[Scraped caption text data]
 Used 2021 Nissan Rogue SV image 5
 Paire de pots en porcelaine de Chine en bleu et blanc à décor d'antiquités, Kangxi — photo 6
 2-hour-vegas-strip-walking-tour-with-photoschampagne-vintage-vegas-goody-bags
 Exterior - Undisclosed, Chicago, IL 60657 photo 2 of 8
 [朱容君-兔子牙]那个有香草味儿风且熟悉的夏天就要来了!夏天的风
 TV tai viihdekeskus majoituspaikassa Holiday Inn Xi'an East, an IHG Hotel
--
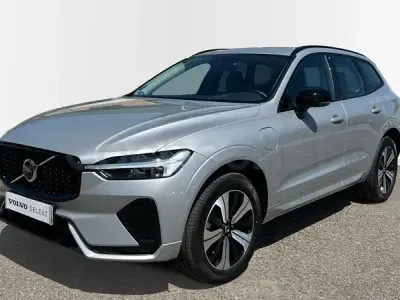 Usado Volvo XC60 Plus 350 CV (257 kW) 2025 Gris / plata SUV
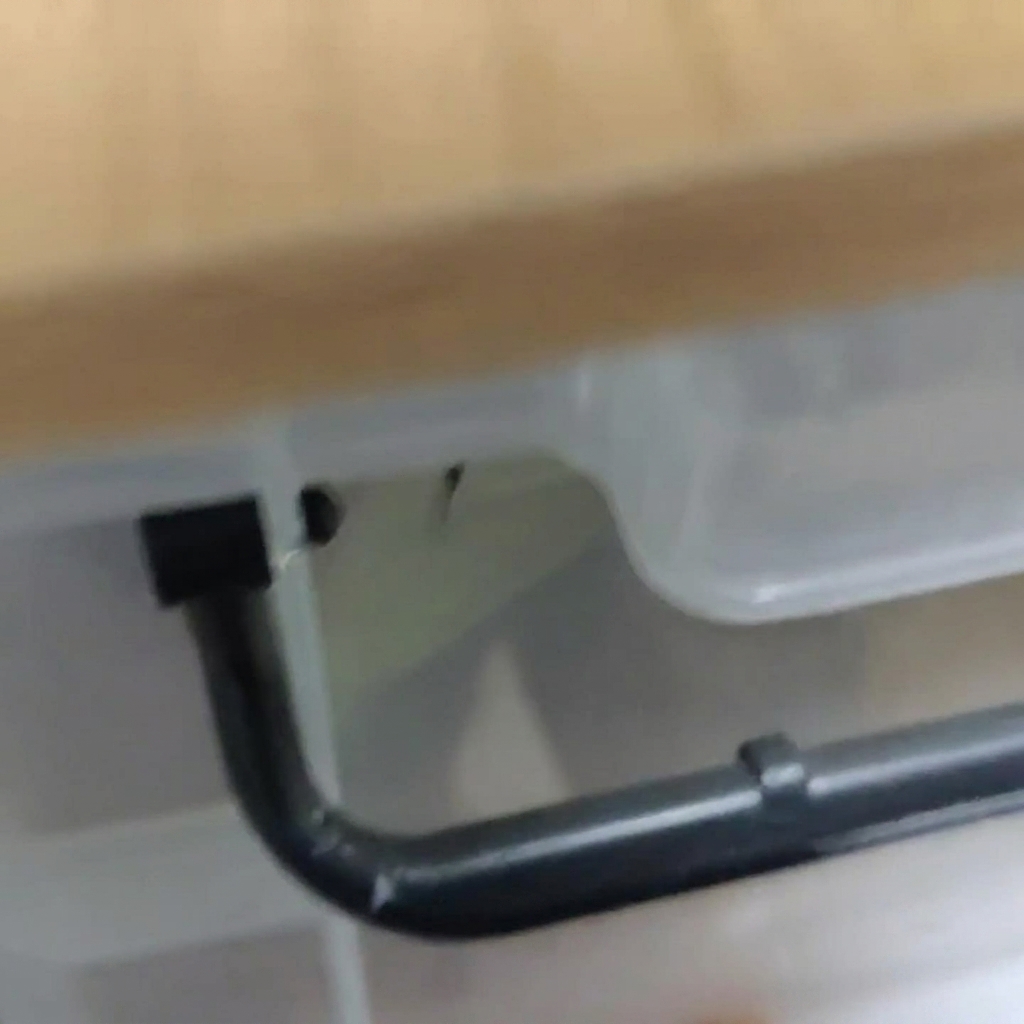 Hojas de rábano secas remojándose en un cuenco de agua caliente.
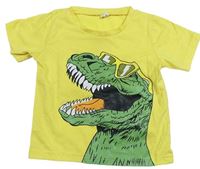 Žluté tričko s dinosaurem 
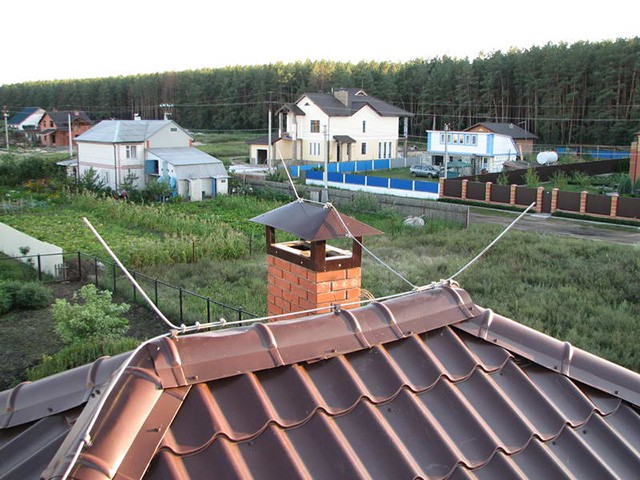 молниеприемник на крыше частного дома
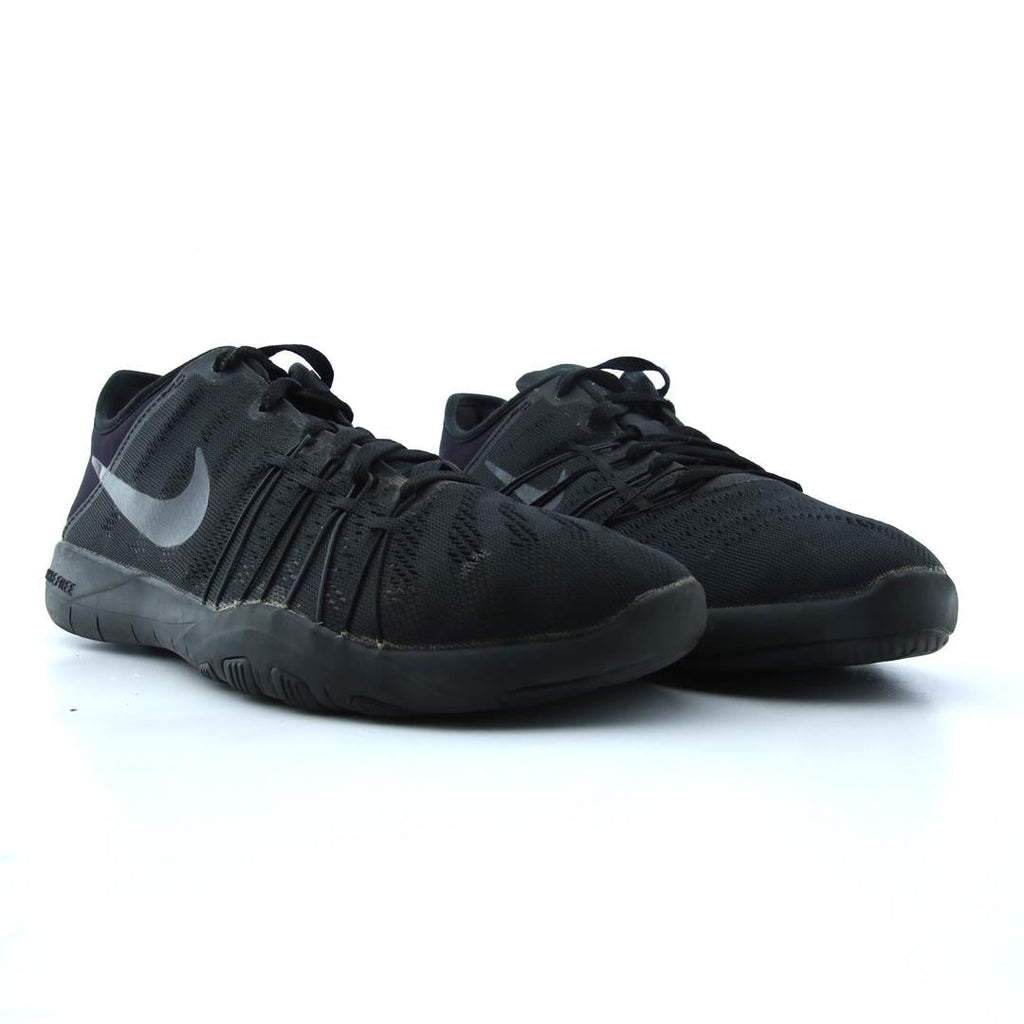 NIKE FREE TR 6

*TASK BRIEF*: Your task is to retype the entries verbatim, starting with the line that holds "Exterior - Undisclosed, Chicago, IL" and stopping after the line that holds "TV tai viihdekeskus".

*ANSWER TO THIS TASK*:
 Exterior - Undisclosed, Chicago, IL 60657 photo 2 of 8
 [朱容君-兔子牙]那个有香草味儿风且熟悉的夏天就要来了!夏天的风
 TV tai viihdekeskus majoituspaikassa Holiday Inn Xi'an East, an IHG Hotel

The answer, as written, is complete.